The research of psychologists Andrei Cimpian and Sarah-Jane Leslie was recently featured in the NY Times and reveals that by the age of six girls begin to believe that certain activities are not for them because they aren’t “smart enough”:
“Our research suggests that American children are picking up on cultural stereotypes about brilliance at an early age. Unfortunately, these stereotypes suggest that girls aren’t as smart as boys.”
The findings reveal that parents may subconsciously reinforce this mindset although they may not actively express it. A 2014 report found that parents were more likely to Google questions about their son’s intelligence like, “Is my son a genius?” and questions about their daughter’s appearance such as, “ Is my daughter overweight?”
The recent study points out that problem occurs when kids begin to pick up on these beliefs no matter how subtle they seem to be. The researchers studied 400 children ages 5 to 7, recruited over the last several years from a middle-class community near the University of Illinois and observed something interesting:
“For one study, each of 96 children (half boys, half girls) was told two stories about a person whose gender was not specified. They were told that one was about a “really, really smart” person, and the other was about a “really, really nice” person. Next, the children were shown four pictures (two males and two females) and were asked to guess which one might be the person in the story.
At age 5, boys and girls were equally likely to associate intelligence with their own gender, but that changed quickly. At age 6, girls were significantly less likely to associate brilliance with their own gender. Many of them picked a male character to identify as the really smart person in the story, much as the boys did.”
“When we asked children to guess which of four children, two boys and two girls, would get the best grades in school, girls picked mostly other girls. In other words, the girls we tested were aware that girls do better in school than boys, but that didn’t change their ideas about who’s “smart.”
As someone who gave up on being good at math around 7th grade, admittedly this makes me question if my disinterest is more about lack of belief than actual ability.
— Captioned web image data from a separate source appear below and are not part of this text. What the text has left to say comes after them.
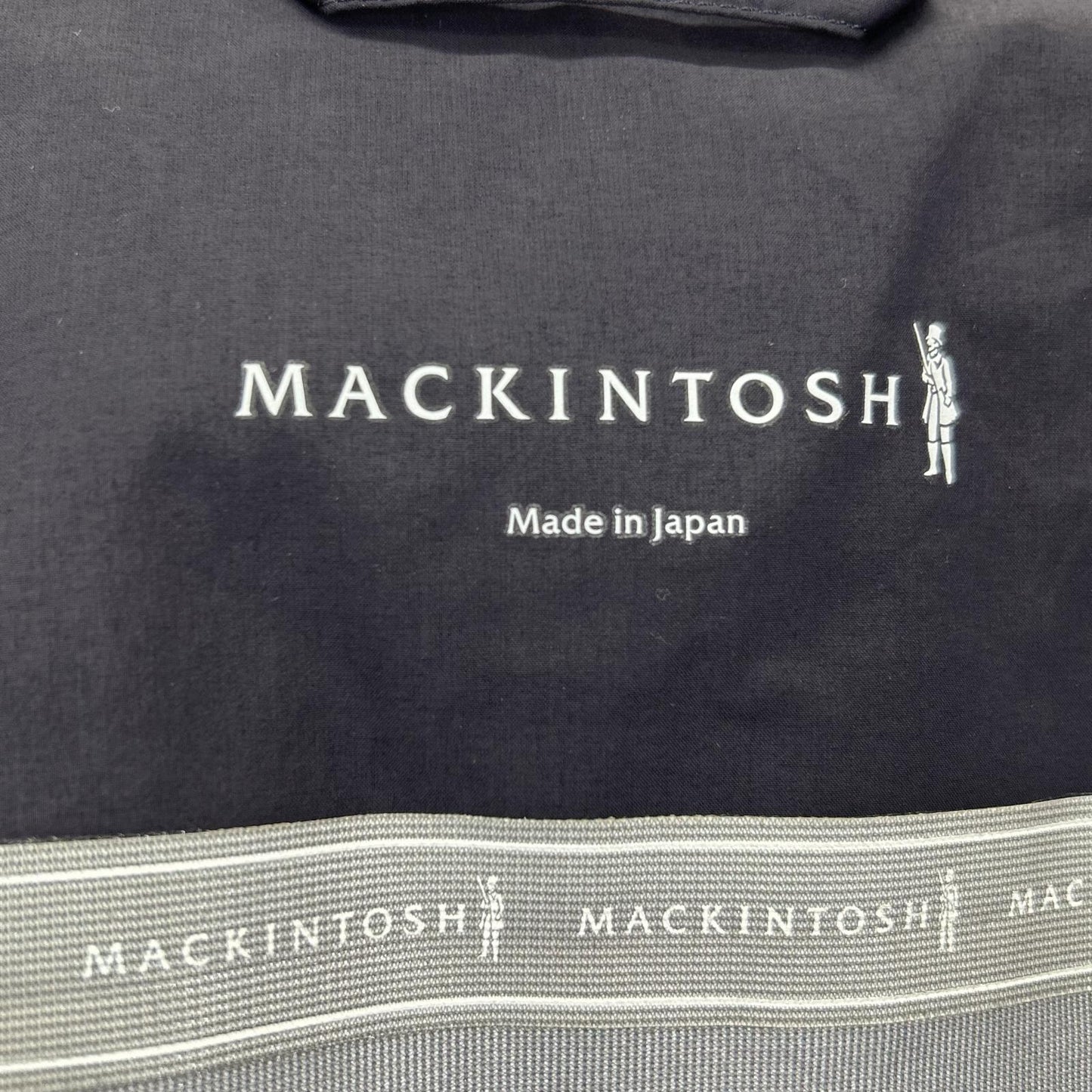 MACKINTOSH マッキントッシュ GMH-1004 20年 ネイビー G DNKLD H TEC B ナイロンステンカラー コート コート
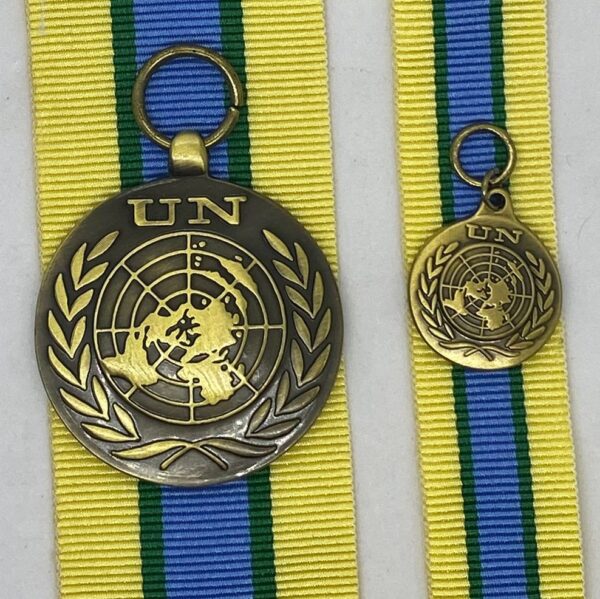 United Nations UNOSOM1 Somalia medal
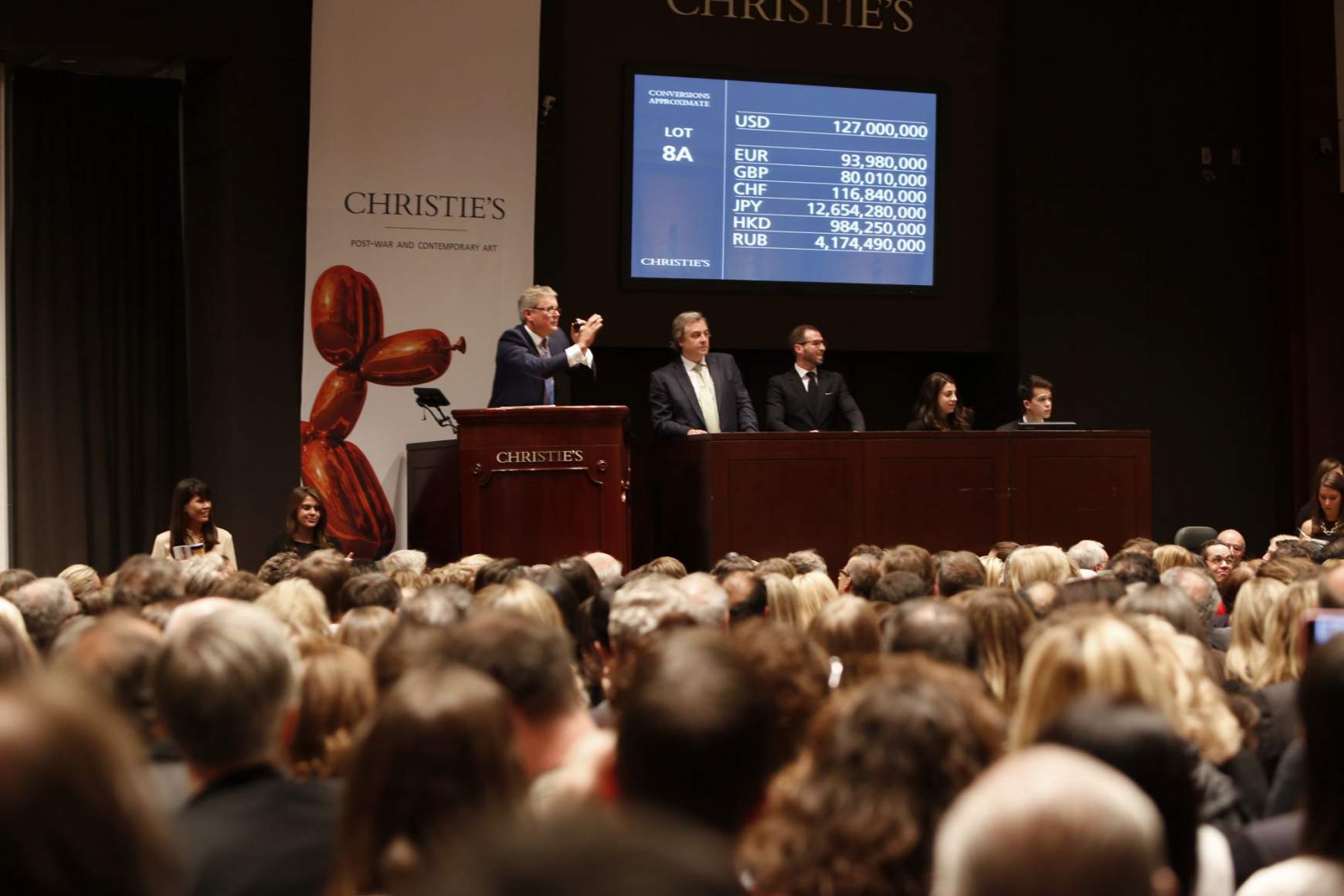 Christie's New York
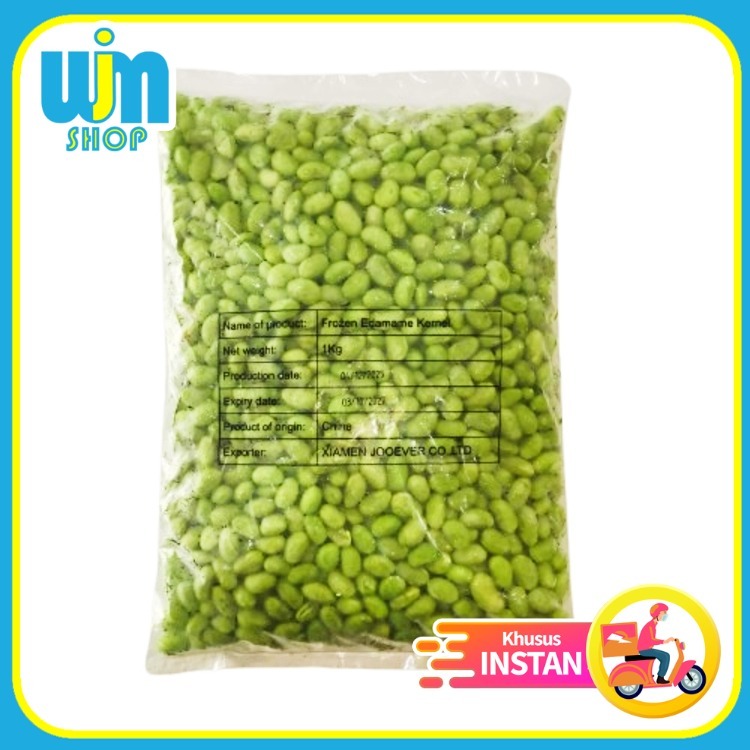 Kacang Edamame Kupas 1kg - Mukimame Frozen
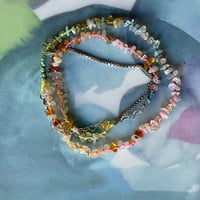 Image 1 of opal necklace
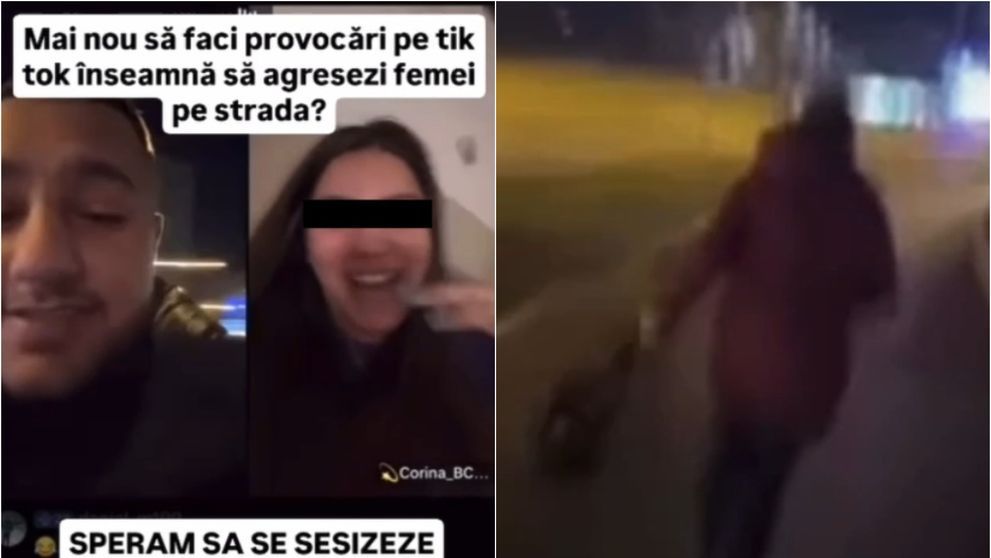 Alin, influencerul de pe TikTok care a agresat sexual o femeie în plină stradă, se află în atenția Poliției! Primele declarații: „În urma imaginilor...”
So how can we start to put an end to this cycle of stereotypes that has our girls internalizing the idea of “boy do it better” as early as the first grade? Psychologist Carolyn Dweck thinks the answer may lie in “emphasizing the importance of learning and effort — rather than just innate ability”. In other words, stop telling your kids they’re naturally better at one activity than the other based on their anatomy and start spreading the message that achieving our goals is more about effort and learning which everyone has equal access to regardless of gender. Dweck also says it’s important to surround your kids with role models of all genders and professional paths. For every singer there should be a scientist and for every supermodel there should be a mechanic.
Now that we’ve gotten pretend play down, I think it’s time to start adding some STEM activities to my toddler’s schedule.